Che Tripaldi sia uomo degno di stima è un fatto assodato, al di qua come al di là della posizione che ricopre nell’Ateneo.
Il suo attuale rovello riguarda il nome da assegnare alla specie. Sostiene sia vissuta tra 10208 e 10161 anni fa, consumandosi per definizione nel computo di tre generazioni. La sua storia è interamente contenuta tra i boschi cedui a sud-est della nostra città: non c’è prova, a detta del professore, che i quattro esemplari abbiano mai oltrepassato il fiume.

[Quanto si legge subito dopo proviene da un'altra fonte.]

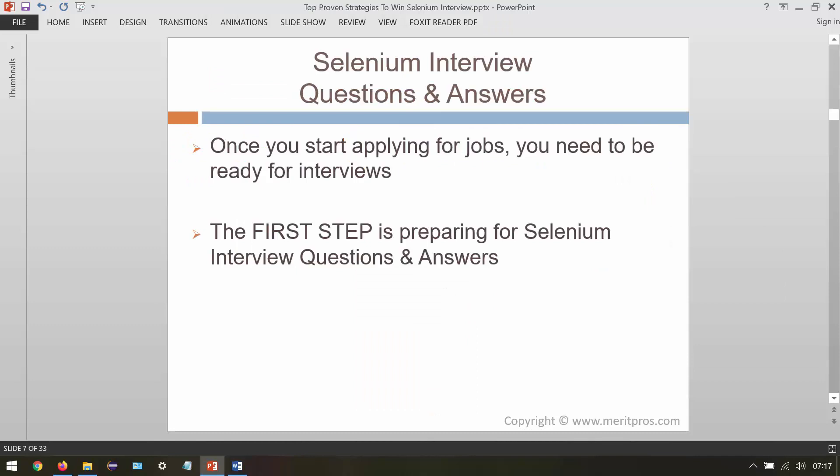Once you start applying for jobs you need to be ready for interviews — you need to be prepared before the calls come in. The first step is preparing for Selenium interview questions and answers. These are very frequently asked interview questions and you need to have prepared answers for them.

L’istinto, ha spiegato Tripaldi nella conferenza di ieri pomeriggio, tenutasi in Aula Magna alla presenza di un corpo docenti quasi al completo, impediva ai figli di sopravvivere ai genitori. In altre parole, impediva ai genitori di non uccidere i figli.
L’unico maschio nato dalla prima coppia fu sgozzato a mezzo artigli all’età di trentuno anni, pochi giorni dopo aver divorato il figlio nato dall’unione con sua madre, la quale si trovò a essere madre e nonna di suo nipote. La femmina morì, ormai sterile e per così dire vedova – il primo maschio era deceduto due anni prima – all’età di quarantasette anni.
Come abbia fatto Tripaldi a ricostruire dettagliatamente l’accaduto – argomento solo accennato in Aula Magna – rimane per ora un mistero, che promette di essere svelato nel mese di aprile – Tripaldi si è imposto questa scadenza –, quando saranno contestualmente annunciati il nome della specie e quello del corso di laurea a essa dedicato, attivo già dal prossimo settembre.